**EXTRACTED ENTRIES**
——————
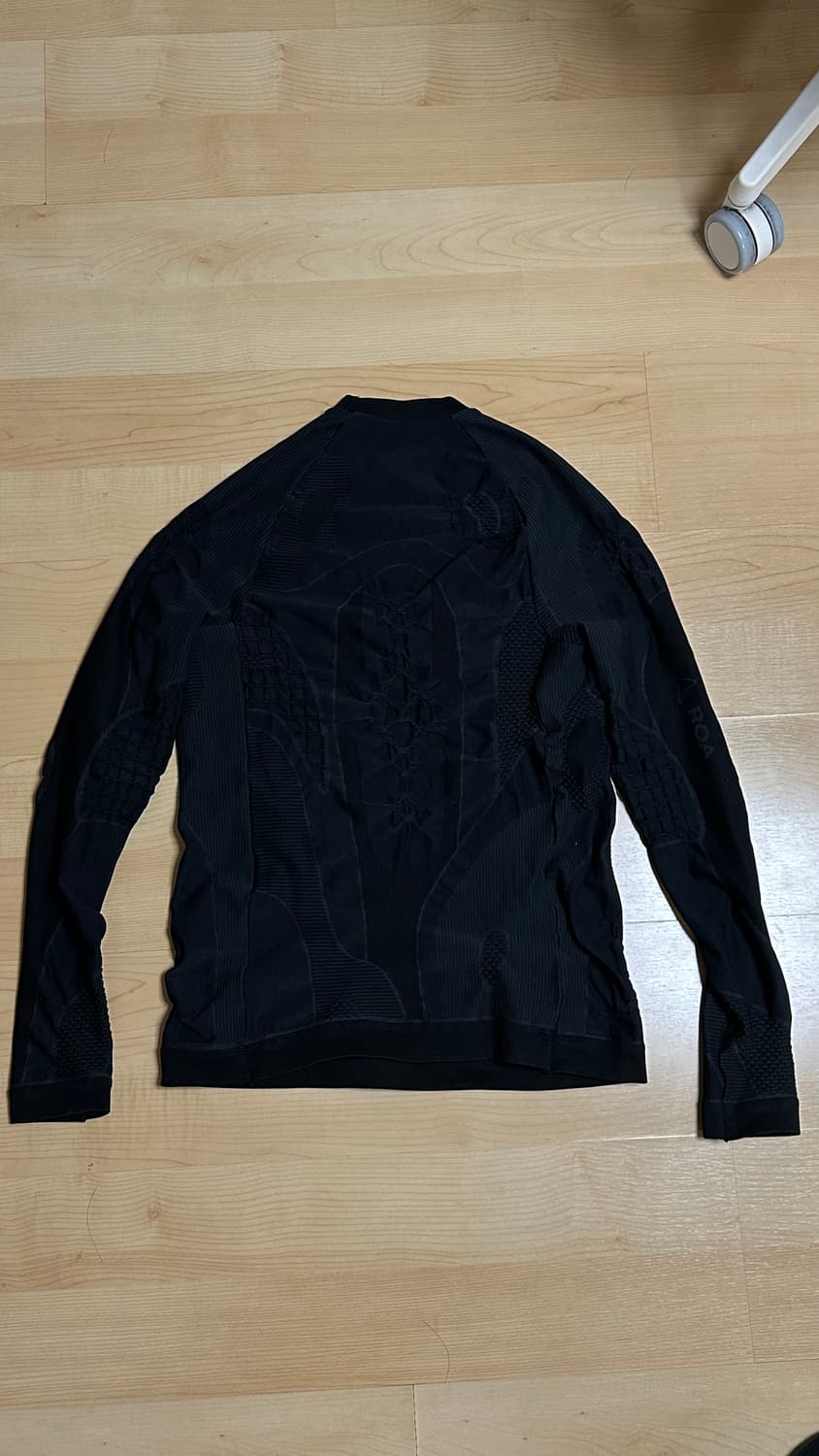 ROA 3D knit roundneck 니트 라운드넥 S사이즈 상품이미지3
——————
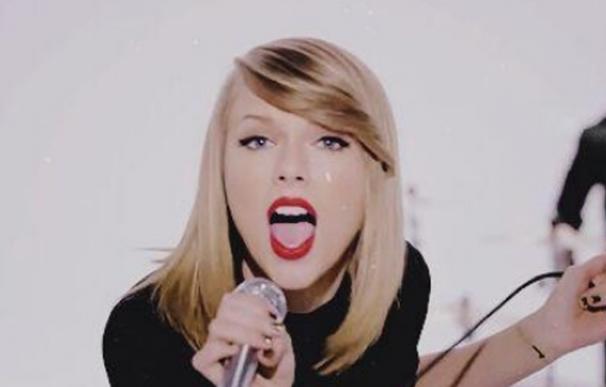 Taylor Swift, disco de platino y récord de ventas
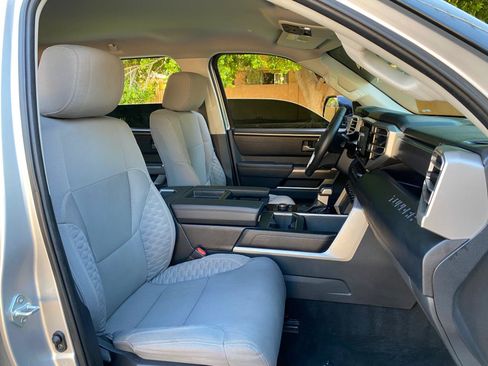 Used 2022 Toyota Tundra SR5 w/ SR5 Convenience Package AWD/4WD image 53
——————
**DIRECTIONS FOR THIS TASK**
In the listing above, find the line containing "Taylor Swift, disco" and the line containing "Used 2022 Toyota"; print those lines and every line between them exactly, leaving out pictures.

**YOUR SOLUTION**
 Taylor Swift, disco de platino y récord de ventas
 Used 2022 Toyota Tundra SR5 w/ SR5 Convenience Package AWD/4WD image 53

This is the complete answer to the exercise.